* _Problem details_
Beginning with the line below that contains "Reston Apartment |" and ending with the line that contains "1970 Chrysler 300 Series - photo 10", retype every line exactly. Pictures are not copied.

BEGIN

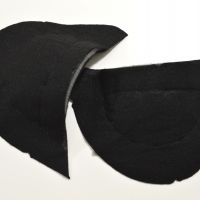 Schoudervulling mantel ongevoerd 15mm zwart vilt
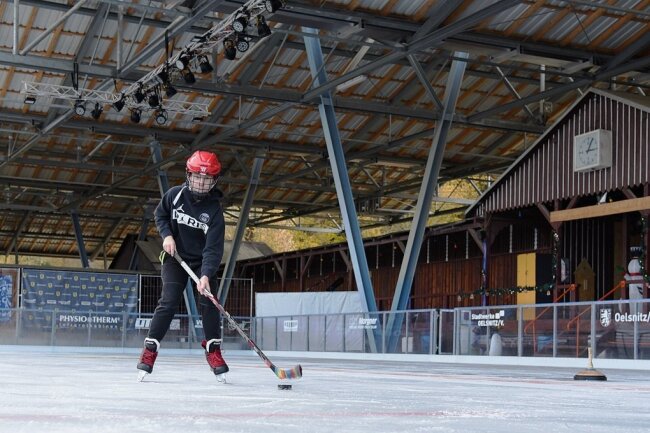 Sandy Sünderhauf aus Oelsnitz testet beim Eishockey das Eis der Bahn im Freibad Elstergarten, die am Freitag eröffnet wird. 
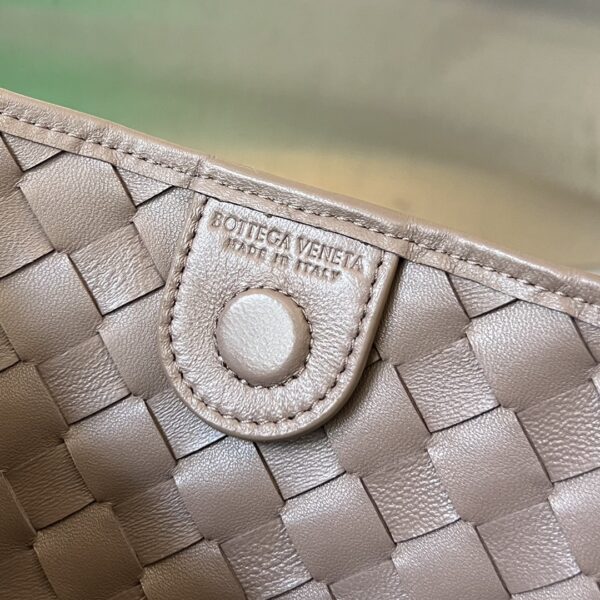 Bottega Veneta Large Sardine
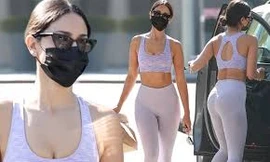 Mỹ nhân 'Fast & Furious' nuột nà quá đỗi gợi cảm với áo bra trên phố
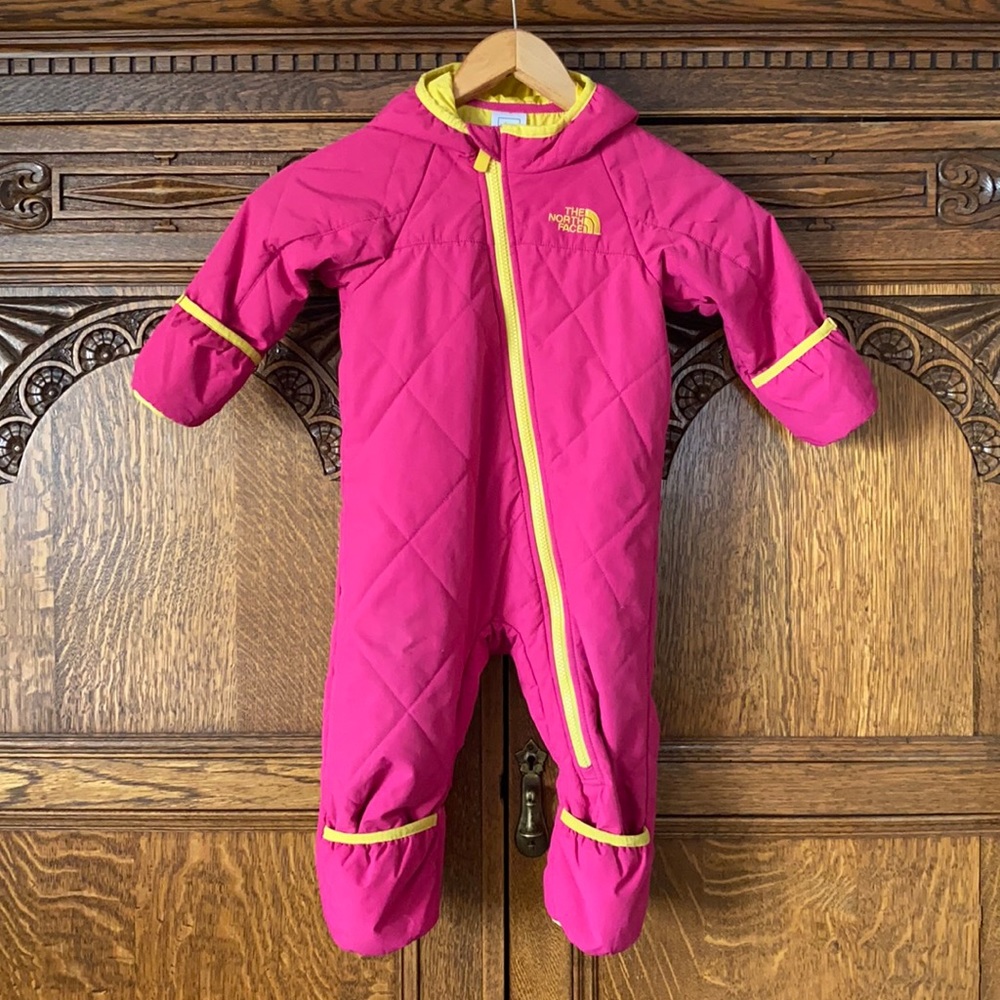 Size 12-18 months north face snowsuit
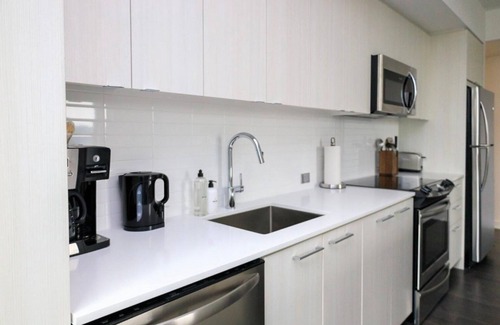 Reston Apartment | Blueground | Hunter Mill District, pool, nr Lake Anne
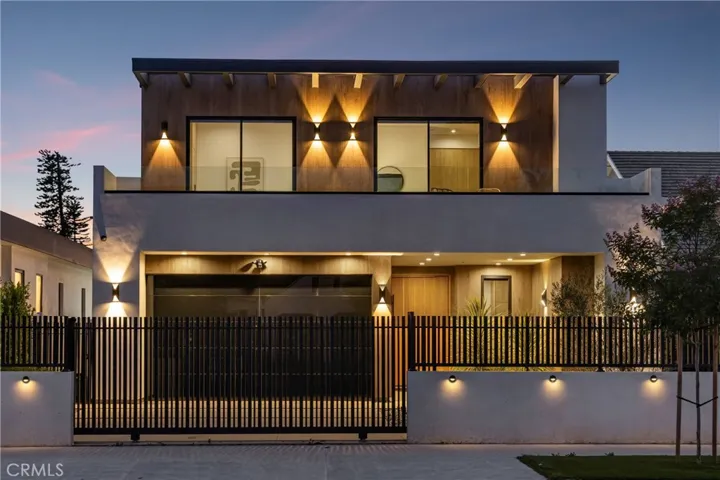 5109 Bluebell Avenue, Valley Village, California 91607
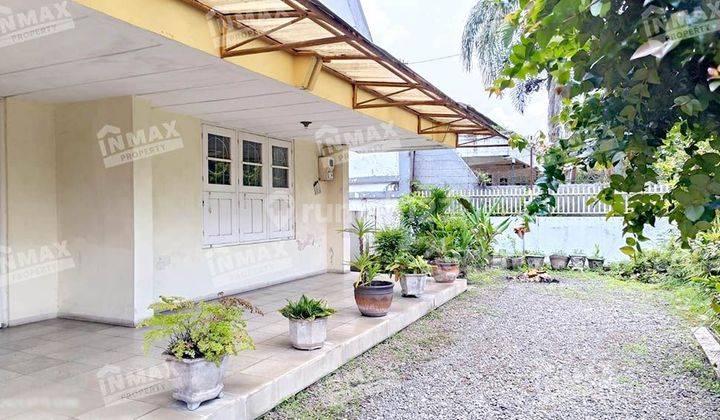 Disewakan/Dijual Rumah Heritage/Kuno Raya Boulevard Dieng luas  2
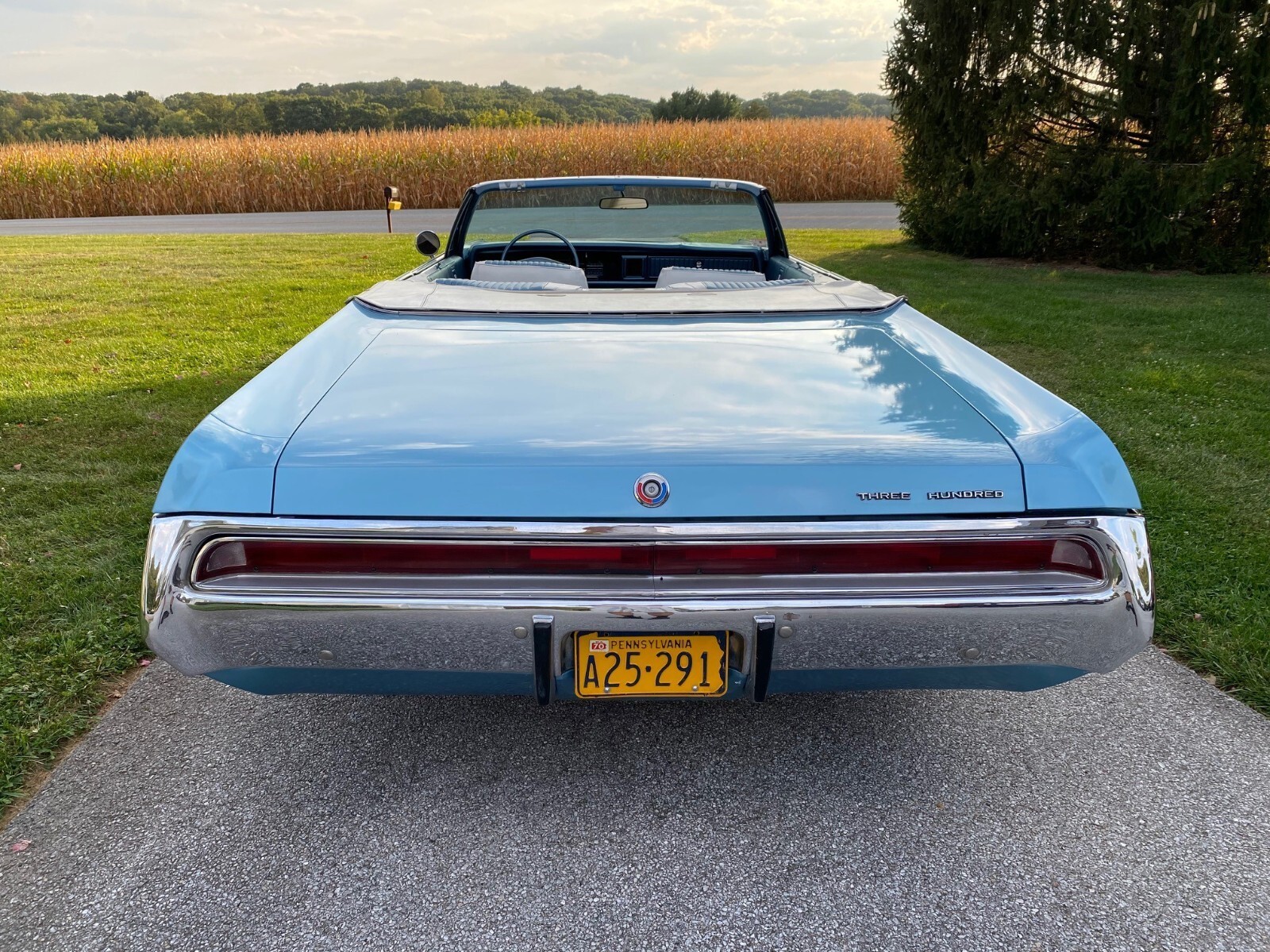 1970 Chrysler 300 Series - photo 10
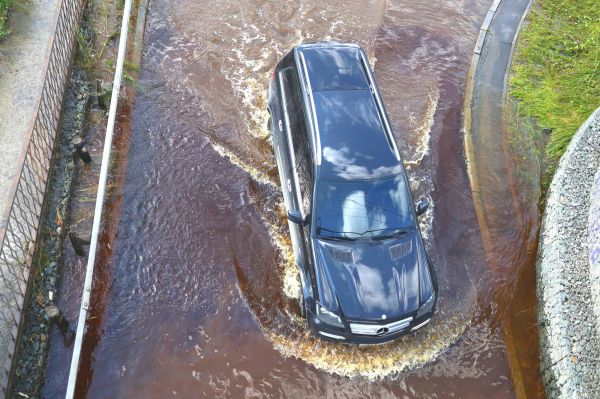 Один из двух ушел под воду. Показываем, как выезд из удаленного микрорайона Екатеринбурга затопило из-за разлива реки Патрушихи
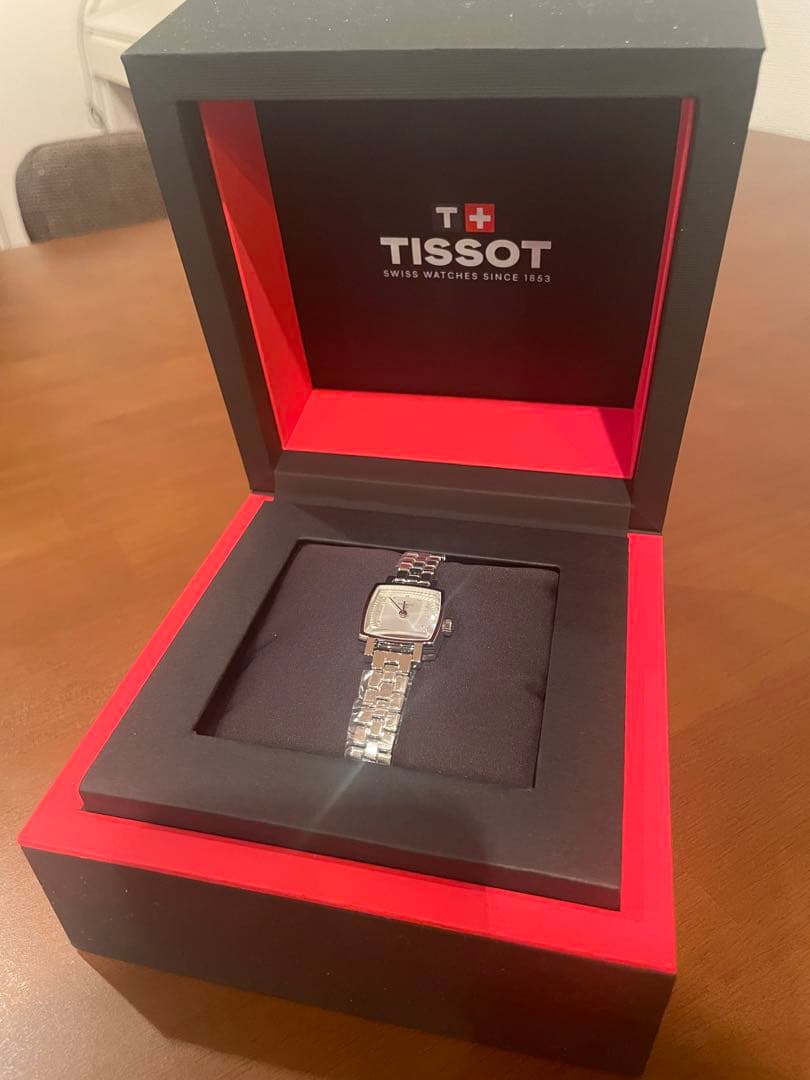 【新品未使用】TISSOT ラブリー スクエア
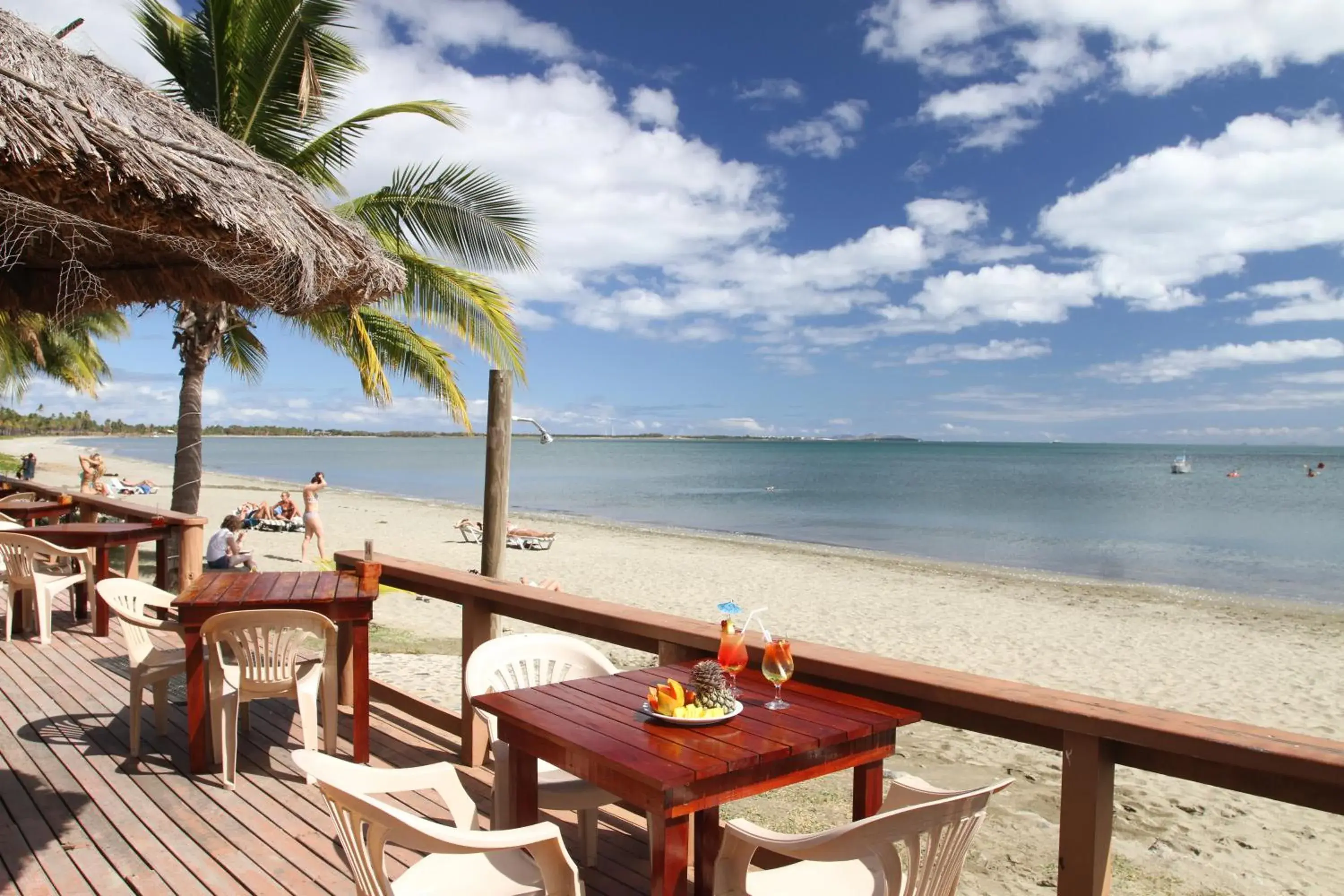 Restaurant/places to eat in Smugglers Cove Beach Resort & Hotel Restaurant/places to eat in Smugglers Cove Beach Resort & Hotel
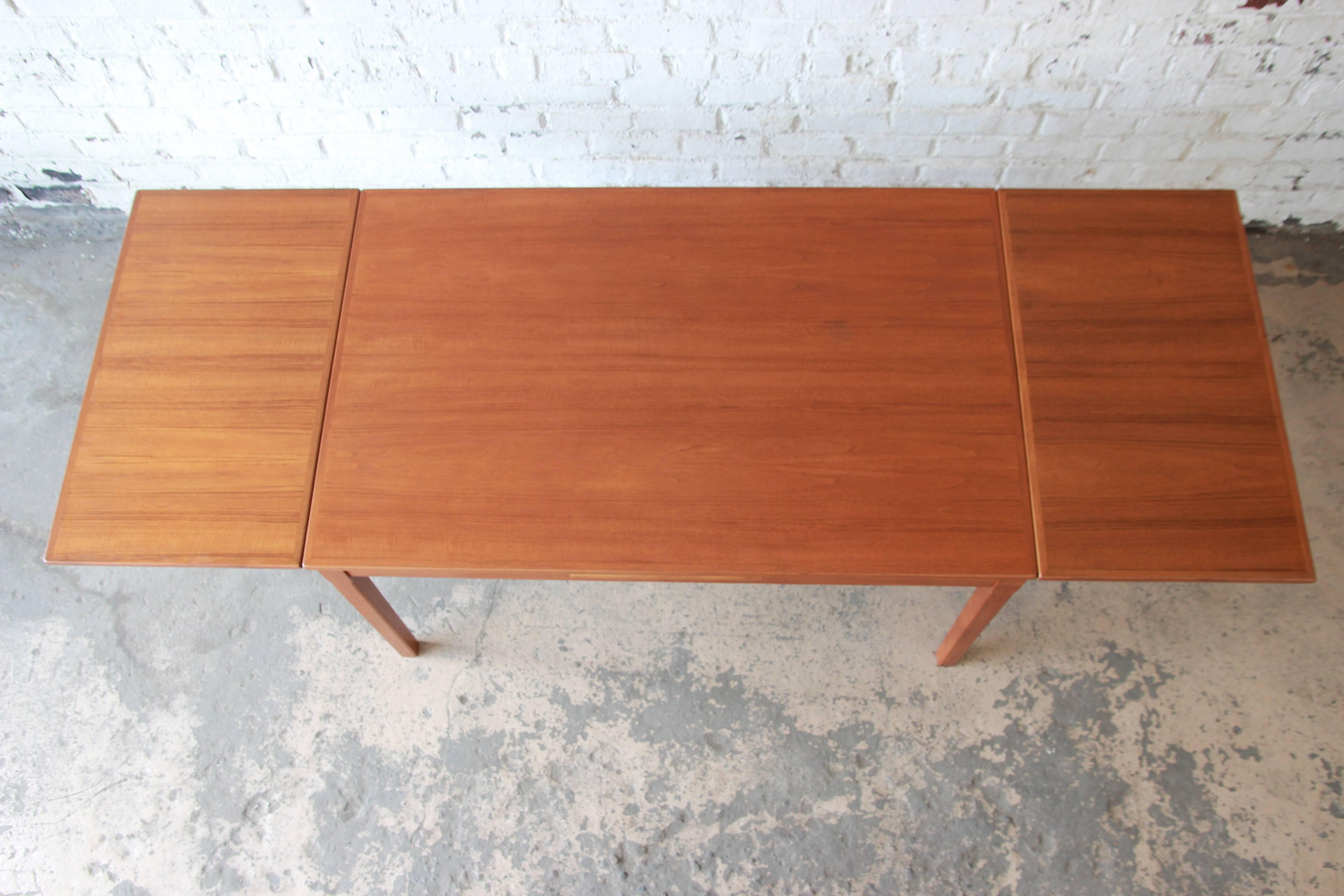 Johannes Andersen Style Danish Modern Teak Extension Dining Table, 1960s 5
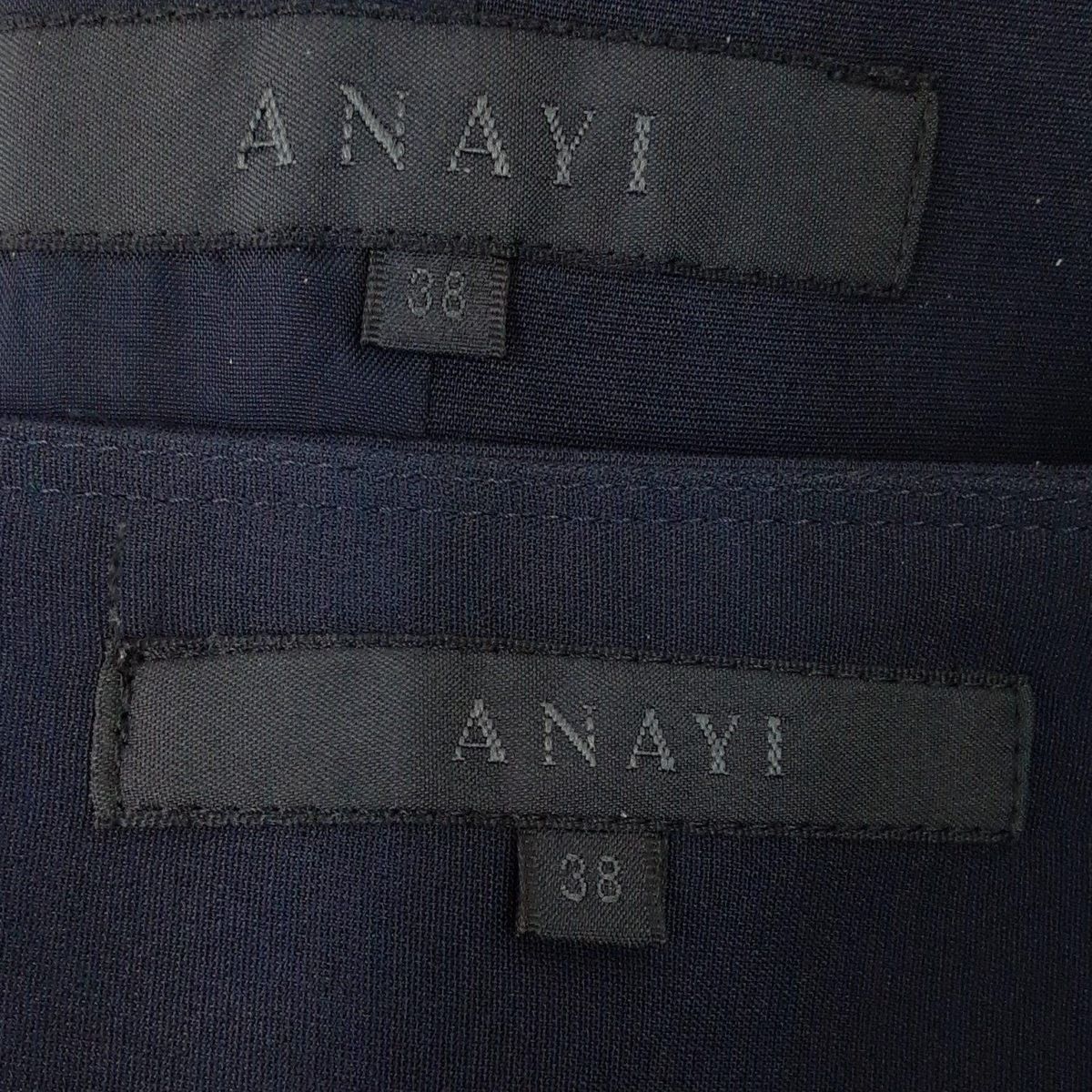 ネイビー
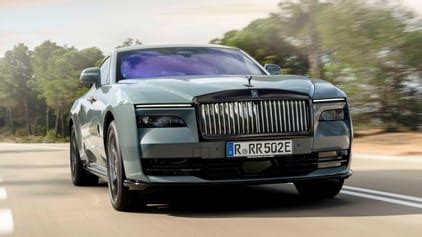 Rolls-Royce Black Badge Spectre review: a Roller for the race track ...
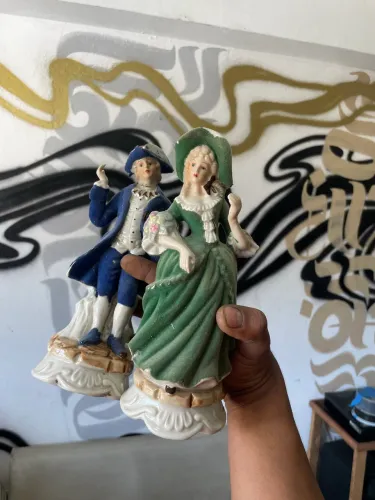 estatueta decorativa de porcelana apresenta uma dama vitoriana em um vestido verde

END

* _Completed exercise_
 Reston Apartment | Blueground | Hunter Mill District, pool, nr Lake Anne
 5109 Bluebell Avenue, Valley Village, California 91607
 Disewakan/Dijual Rumah Heritage/Kuno Raya Boulevard Dieng luas  2
 1970 Chrysler 300 Series - photo 10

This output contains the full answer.